Question

If $ x = 9 + 4\sqrt 5 $ and $ xy = 1, $ then find the value of $ \dfrac{1}{{322}}\left( {\dfrac{1}{{{x^2}}} + \dfrac{1}{{{y^2}}}} \right). $

Answer 1

Hint: First of all find the square of the term “x” and the term “y” with the help of finding the reciprocal and the conjugate of the terms and place in the equation and simplify for the resultant required value.

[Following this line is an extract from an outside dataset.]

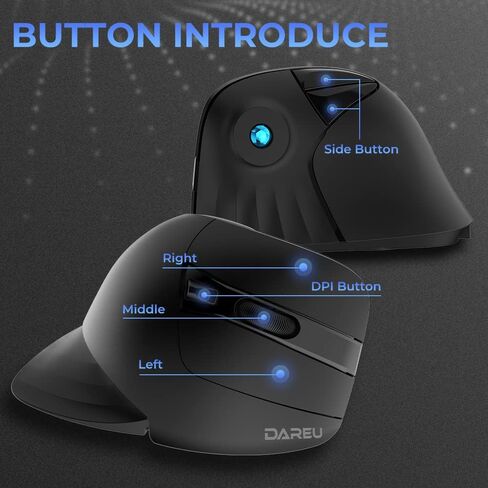 DAREU ماوس لاسلكي عمودي مريح 89 جرامًا بصريًا خفيف الوزن، ماوس 2.4 جيجا RGB يقلل من إجهاد المعصم/اليد، 800/1200/1600 نقطة في البوصة، 6 أزرار للكمبيوتر المحمول، سطح المكتب، الكمبيوتر الشخصي، ماك (أزرق وأصفر) in Kuwait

Complete step-by-step answer:
Given that: $ x = 9 + 4\sqrt 5 $
and $ xy = 1 $
Make required term “y” the subject-
Term multiplicative on one side if moved to the opposite side then it goes to the denominator.
 $ y = \dfrac{1}{x} $
Place the value of “x” in the above equation –
 $ y = \dfrac{1}{{9 + 4\sqrt 5 }} $
Find the conjugate for the above expression in the denominator –
\[y = \dfrac{1}{{9 + 4\sqrt 5 }} \times \dfrac{{9 - 4\sqrt 5 }}{{9 - 4\sqrt 5 }}\]
Simplify the above expression using the identity - $ (a + b)(a - b) = {a^2} - {b^2} $
\[y = \dfrac{{9 - 4\sqrt 5 }}{{{{(9)}^2} - {{(4\sqrt 5 )}^2}}}\]
Place the value for the square of the terms –, square of the square-root of the term is the number since the square and square root cancel each other.
\[y = \dfrac{{9 - 4\sqrt 5 }}{{81 - 80}}\]
Simplify the above equation finding the difference of the term in the denominator.
\[y = \dfrac{{9 - 4\sqrt 5 }}{1}\]
Any number upon one is the number itself.
\[y = 9 - 4\sqrt 5 \] ….. (A)
Square of the above term is –
\[\left( {{y^2}} \right) = {\left( {9 - 4\sqrt 5 } \right)^2}\] ….. (B)
Similarly, find the square of the term
 $ x = 9 + 4\sqrt 5 $
 $ {x^2} = {\left( {9 + 4\sqrt 5 } \right)^2} $ …… (C)
Now, the value of $ \dfrac{1}{{322}}\left( {\dfrac{1}{{{x^2}}} + \dfrac{1}{{{y^2}}}} \right). $
Take LCM (least common multiple) for the above equation –
 $ = \dfrac{1}{{322}}\left( {\dfrac{{{x^2} + {y^2}}}{{{x^2}{y^2}}}} \right) $
Square multiplied with another square can be written as the product of terms and its whole square.
 $ = \dfrac{1}{{322}}\left( {\dfrac{{{x^2} + {y^2}}}{{{{(xy)}^2}}}} \right) $
Place the given value $ xy = 1, $ in the above expression
 $ = \dfrac{1}{{322}}\left( {\dfrac{{{x^2} + {y^2}}}{{{{(1)}^2}}}} \right) $
Place value from equation (A) and (B)
 $ = \dfrac{1}{{322}}\left( {{{\left( {9 + 4\sqrt 5 } \right)}^2} + {{\left( {9 - 4\sqrt 5 } \right)}^2}} \right) $
Expand the above expression –
\[ = \dfrac{1}{{322}}\left( {\left( {{{(9)}^2} + 2(9)4(\sqrt 5 ) + {{(4\sqrt 5 )}^2}} \right) + \left( {{{(9)}^2} - 2(9)4(\sqrt 5 ) + {{(4\sqrt 5 )}^2}} \right)} \right)\]
Place the values for the square of the terms, square is the term which is multiplied with itself twice.
\[ = \dfrac{1}{{322}}\left( {\left( {81 + 72\sqrt 5 + 80} \right) + \left( {81 - 72\sqrt 5 + 80} \right)} \right)\]
Simplify, like terms with the same value and the opposite sign cancel each other.
\[ = \dfrac{1}{{322}}\left( {81 + 80 + 81 + 80} \right)\]
Simplify the above expression
\[ = \dfrac{1}{{322}}\left( {322} \right)\]
Common terms from the numerator and the denominator cancels each other.
 $ = 1 $
Hence, $ \dfrac{1}{{322}}\left( {\dfrac{1}{{{x^2}}} + \dfrac{1}{{{y^2}}}} \right) = 1 $
So, the correct answer is “1”.

Note: Always remember that the term with the same value and the opposite sign cancel each other. Also, be good in square and square roots. Square and square root cancels each other. Remember the square of the numbers at least till twenty.